» EXERCISE
Output the line with "under the sea" and every following line to the end of the material, exactly as they appear.
--- MATERIAL FOR THIS EXERCISE Enclosed Below ---
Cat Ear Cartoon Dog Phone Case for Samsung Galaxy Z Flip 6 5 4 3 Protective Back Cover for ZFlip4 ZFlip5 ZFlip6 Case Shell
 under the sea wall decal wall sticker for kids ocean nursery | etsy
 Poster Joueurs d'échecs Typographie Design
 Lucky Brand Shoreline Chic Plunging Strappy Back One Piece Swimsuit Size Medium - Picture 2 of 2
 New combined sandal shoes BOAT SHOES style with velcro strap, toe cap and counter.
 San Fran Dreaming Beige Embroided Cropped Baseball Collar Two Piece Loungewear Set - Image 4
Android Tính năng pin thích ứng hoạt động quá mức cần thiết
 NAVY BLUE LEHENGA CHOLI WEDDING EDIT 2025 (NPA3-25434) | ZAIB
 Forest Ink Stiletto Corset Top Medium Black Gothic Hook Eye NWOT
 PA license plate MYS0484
--- End of Enclosed MATERIAL FOR THIS EXERCISE ---
» PROBLEM SOLUTION
 under the sea wall decal wall sticker for kids ocean nursery | etsy
 Poster Joueurs d'échecs Typographie Design
 Lucky Brand Shoreline Chic Plunging Strappy Back One Piece Swimsuit Size Medium - Picture 2 of 2
 New combined sandal shoes BOAT SHOES style with velcro strap, toe cap and counter.
 San Fran Dreaming Beige Embroided Cropped Baseball Collar Two Piece Loungewear Set - Image 4
Android Tính năng pin thích ứng hoạt động quá mức cần thiết
 NAVY BLUE LEHENGA CHOLI WEDDING EDIT 2025 (NPA3-25434) | ZAIB
 Forest Ink Stiletto Corset Top Medium Black Gothic Hook Eye NWOT
 PA license plate MYS0484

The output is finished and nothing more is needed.